:: Your goal ::
Both the line below containing "brickle Schriftart Groß" and the line containing "Used 2023 Nissan", along with every line between them, should be repeated exactly; no other line belongs in the answer.

─── Record extracts ───

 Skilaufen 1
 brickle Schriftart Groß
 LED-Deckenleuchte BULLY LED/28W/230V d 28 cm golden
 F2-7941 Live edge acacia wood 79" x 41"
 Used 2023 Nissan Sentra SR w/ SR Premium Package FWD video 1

───
─── Record extracts ───

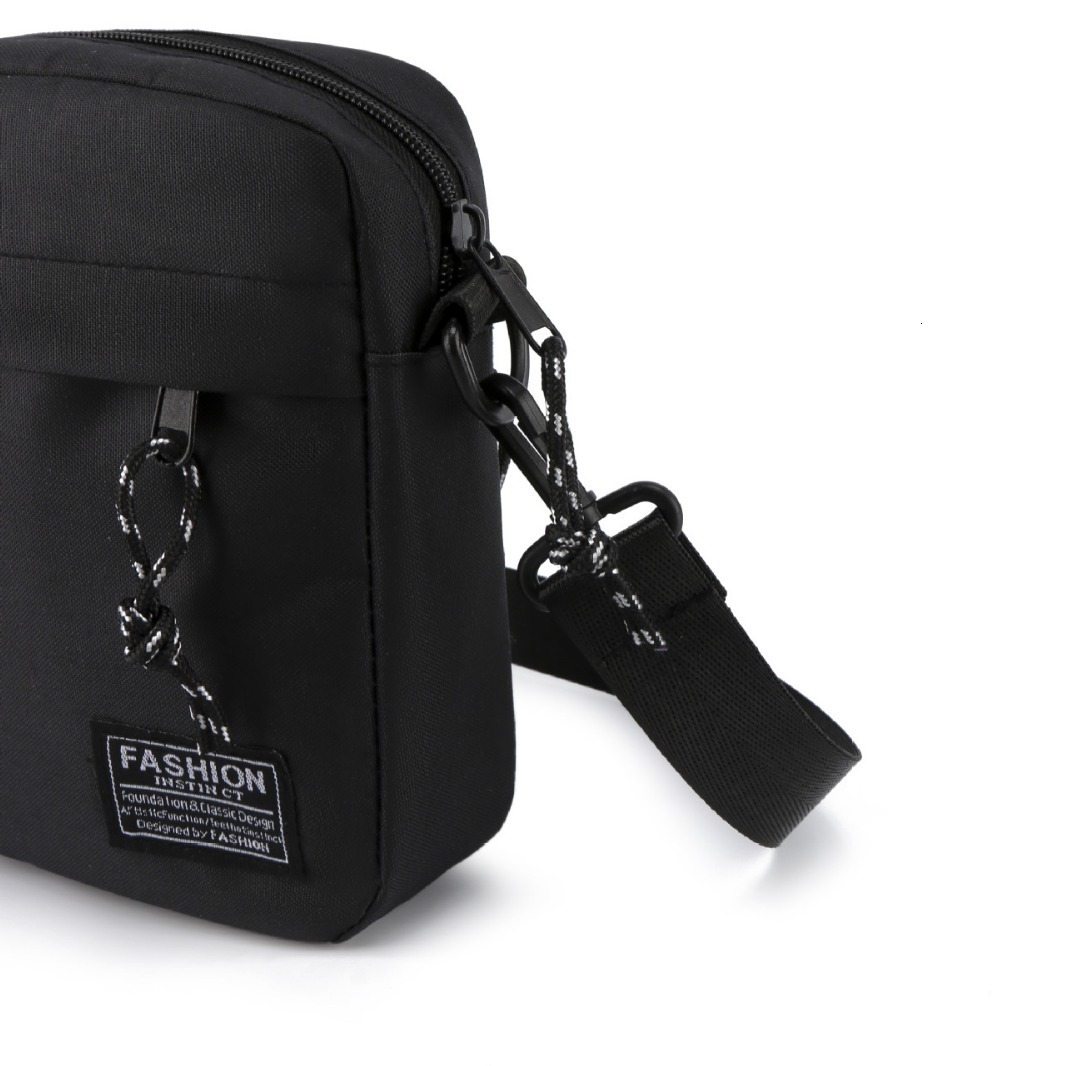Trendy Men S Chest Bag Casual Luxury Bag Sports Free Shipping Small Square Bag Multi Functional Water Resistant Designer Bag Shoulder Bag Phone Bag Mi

───

:: Written solution ::
 brickle Schriftart Groß
 LED-Deckenleuchte BULLY LED/28W/230V d 28 cm golden
 F2-7941 Live edge acacia wood 79" x 41"
 Used 2023 Nissan Sentra SR w/ SR Premium Package FWD video 1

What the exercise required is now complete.